Queste serie, questi film d'animazione degli ultimi anni, sia che virino verso il classico 'cartone animato', come appunto Shrek, oppure verso il film 'tradizionale' (ricordando che le origini del cinema vedevano forme miste e, comunque, più vicine al primo che al secondo), sono testimoni del passare del tempo e meritano di essere catalogati, tra l'altro, come documenti storici.
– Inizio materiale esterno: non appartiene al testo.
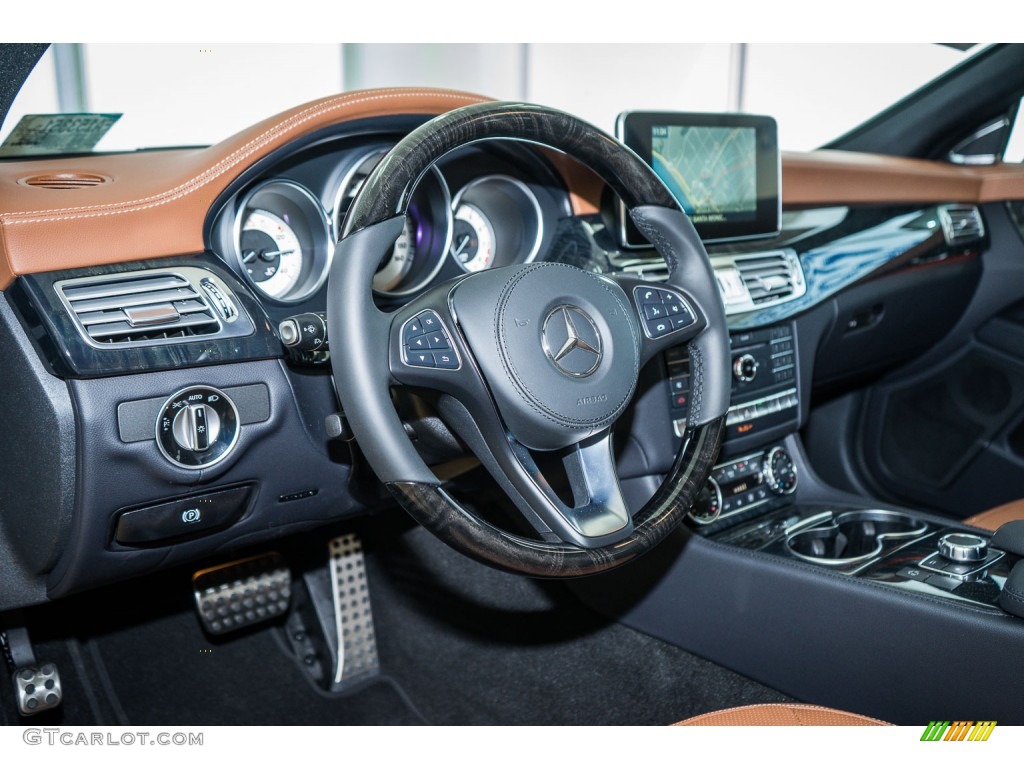 2015 Mercedes-Benz CLS 550 Coupe Saddle Brown/Black Dashboard Photo #104437625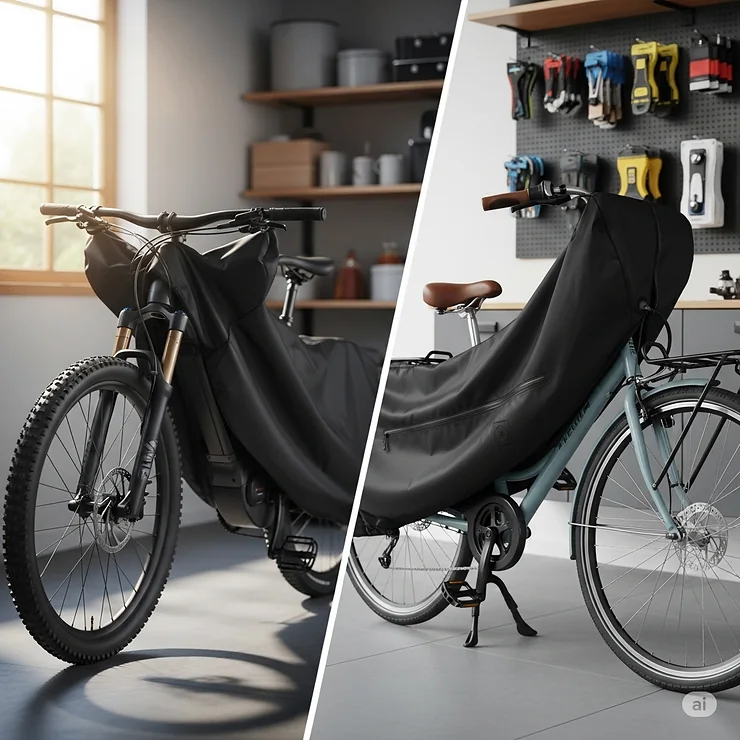 Versatile ebike cover fitting various electric bicycle models, including mountain and city bikes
Di una storia speciale, quella tecnica, ma anche della capacità di raffigurare l'immaginario.
Dal primo all'ultimo Harry Potter, lo spettatore meno distratto apprezza il progresso tecnico e la forma più o meno adatta alla storia da raccontare. Quando il passaggio è alla terza dimensione, l'incontro col 'nuovo' è più immediato, tanto da ostacolare quasi l'importanza peculiare del progresso tecnico in quanto tale, la sua necessità cinematografica.
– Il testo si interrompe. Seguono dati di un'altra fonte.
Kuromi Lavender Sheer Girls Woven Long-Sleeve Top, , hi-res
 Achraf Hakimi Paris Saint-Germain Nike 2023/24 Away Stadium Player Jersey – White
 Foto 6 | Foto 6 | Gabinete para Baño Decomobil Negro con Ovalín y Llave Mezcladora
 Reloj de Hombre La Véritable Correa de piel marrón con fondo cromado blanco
In Shrek 4, per esempio, il 3D aggiunge ben poco di pregnante e quel che aggiunge ha un che di eccessivamente vicino al videogioco: entusiasma, è bellissimo, ma ha un sapore qua e là fittizio. Tuttavia, guardando con brutale distacco al prima e al dopo, perfino uno come me non può non apprezzare la grandiosità, per certi aspetti commovente, dei risultati raggiunti.
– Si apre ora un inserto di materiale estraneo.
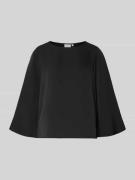 comma Blusenshirt mit Rundhalsausschnitt in Black, Größe 34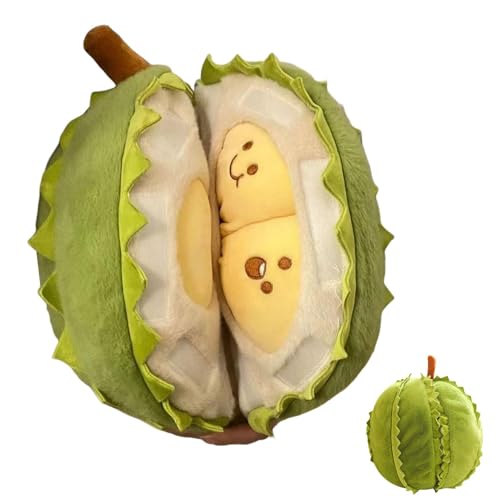 Dyeulget Gefüllter Durian,Plüsch-Durian - Abnehmbares Stofftier,Niedliche Peeling-Durian-Plüschpuppe, Entspannungsspielzeug, Schlafbegleiter für Kinder und Erwachsene von Dyeulget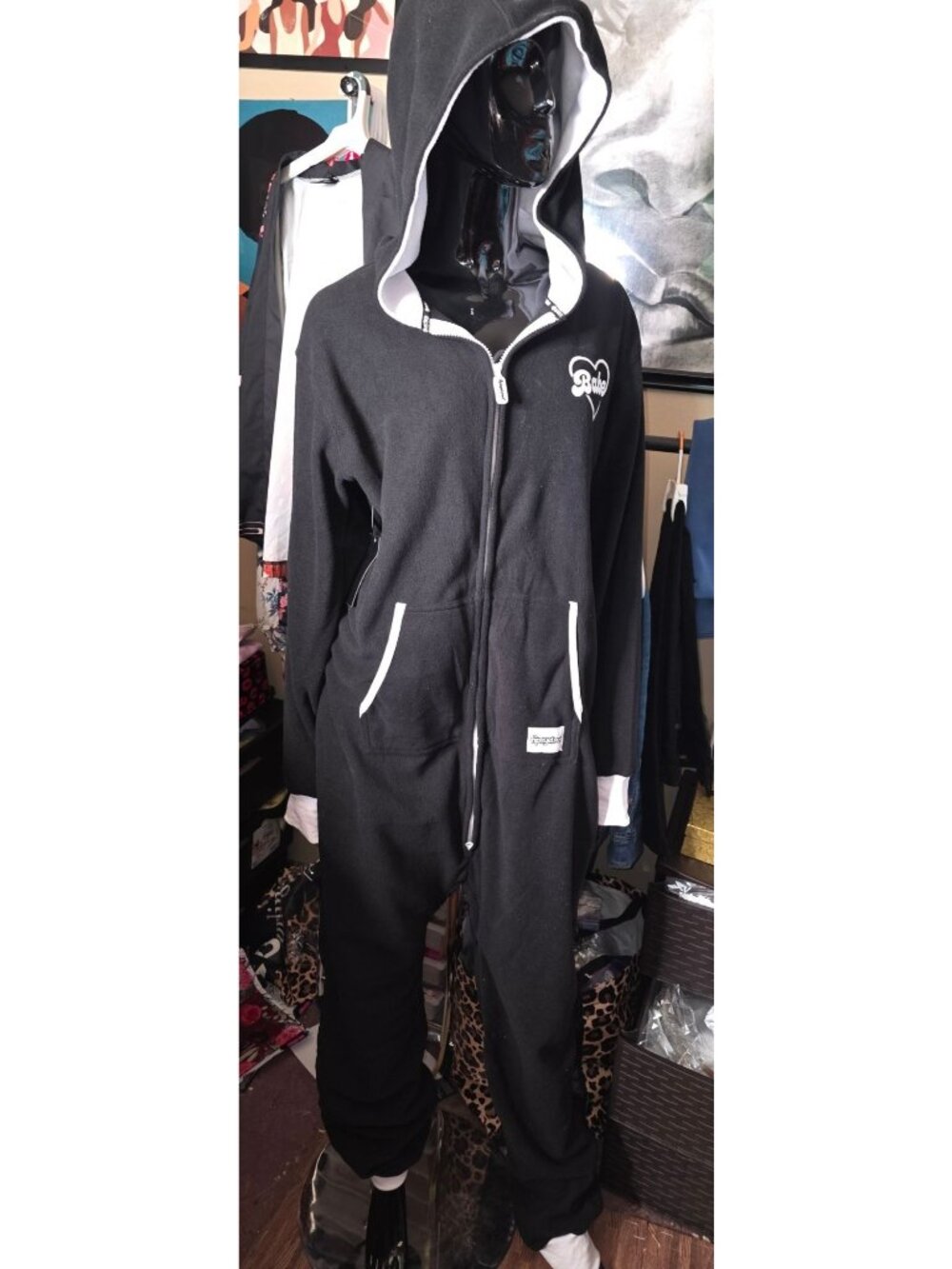 Tipsy Elves Bachelorette Babe Black Hooded Jumpsuit L Soft Fleece Full-Zip Pocke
Non svelo nulla, se dico che tutto va per il verso giusto e il vero amore trionfa sempre, come la formula fiabesca del sottotitolo promette. E mi viene un po' il dubbio di andare oltre e di dire troppo, se aggiungo che il problema non sta nell'evidente banalità della 'trama'.
Shrek ricompie, nel corso di una sola pellicola (come si dice oggi, con elegante anacronismo), il cammino esistenziale che l'ha visto, nel corso dei tre episodi iniziali, sposo di Fiona, genero devoto e infine papà: sposo, genero e padre in tutto e per tutto inseriti in un sistema che giustifica questi tre ruoli sociali. Questo cammino diventa qui normalizzazione.
Non mi è chiarissimo quanto pesi l'amore reale dell'orco per Fiona, invece che un generico tentativo di piegare alle convenzioni della quotidianità la natura umana e i suoi sentimenti, i suoi desideri. In questo intersecarsi tra il vissuto particolare e l'inevitabile rimando a un vissuto universale si cela il pericolo di qualunquismo e di banalizzazione tutt'altro che rari, ma riprovevoli e soffocanti nella scelta coniugale, annessi e connessi.
Eppure, in questo cammino, è meraviglioso vedere l'attaccamento esclusivo e sincero di Shrek per sua moglie; e ancora più confortante è vedere l'insistenza con cui Ciuchino interroga Shrek per sapere com'è nell'altra vita, il momento in cui il simpaticissimo amico dell'orco capisce (e comincia a credere al fatto) che, non domani, ma già adesso, un'altra vita è possibile, e chiede come vada, chi sia lui e chi sua moglie, cosa facciano i suoi figli, se siano teneri...
Ammesso che un bambino sia in grado di cogliere le implicazioni di un simile aut-aut - ma, insomma, mi pare che almeno questo lo possano intuire anche i più piccoli - la forbice tra mondo degli orchi (deforme, grottesco, triste) e mondo umano, sintetizzati dalla scelta, direi, paraumana di Shrek e Fiona implica (o direi che addirittura esplicita) il persistere di differenze di gruppo e non personali, autentiche, e l'interpretazione a senso unico di cosa vuol dire essere orco e cosa vuol dire essere umano.
Ciò non toglie, lo sottolineo, che la colonna sonora trascini senza scampo grandi e piccoli, che i sinceri sentimenti di Shrek e di Ciuchino, l'analisi dei caratteri, le loro interazioni e dinamiche affettive siano interessanti e piacevolissime, oltre a divertire e deliziare gli spettatori. Non so, però, se gli occhialini in 3D possano far emergere in sala anche la necessaria sincerità che sta dietro qualsiasi scelta personale, in questo pastiche di citazioni e giochi autoreferenziali.